I have seen similar corrosion where steel fasteners touch aluminum.
 

jscarl

New Member
When aluminum wireing was first allowed in homes, there was a warning issued about this same thing. It was required that you squeeze a small amount of a thick liquid on the aluminum wire and then go ahead and connect to the copper wires and leads. I cannot remember the name of the liquid. But i can remember using it when i built my home. Maby i had better open the box and take a good look. Thanks for the heads up.
 

andy

New Member
Can you find out how the aluminium skins are processed when applying the colour coat?

From the pictures you posted it looks like the aluminium has been wet sprayed without using a good quality etch primer- I've seen the same kind of paint lift on aluminium before- it was caused by some dumb dumb priming the bare aluminium with bog standard automotive primer- which simply doesn't work.
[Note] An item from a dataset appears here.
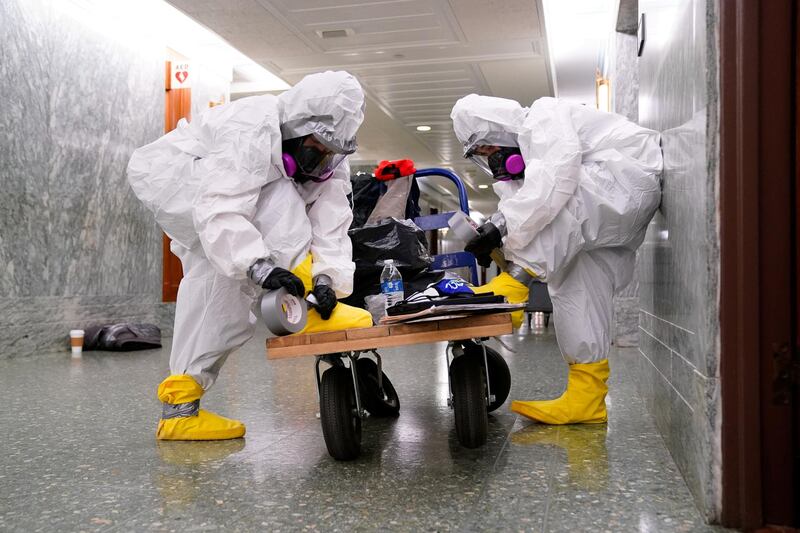 Workers seal their feet into hazmat suits as they prepare to clean the Senate Special Committee on Aging offices after a person reportedly tested positive for coronavirus. Reuters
Aluminium is a bugger to paint and nothing will adhere long term unless the right etching process has been used as a first step to painting or powder coating.
 

Larry L

New Member
Can you find out how the aluminium skins are processed when applying the colour coat?

From the pictures you posted it looks like the aluminium has been wet sprayed without using a good quality etch primer- I've seen the same kind of paint lift on aluminium before- it was caused by some dumb dumb priming the bare aluminium with bog standard automotive primer- which simply doesn't work.

Aluminium is a bugger to paint and nothing will adhere long term unless the right etching process has been used as a first step to painting or powder coating.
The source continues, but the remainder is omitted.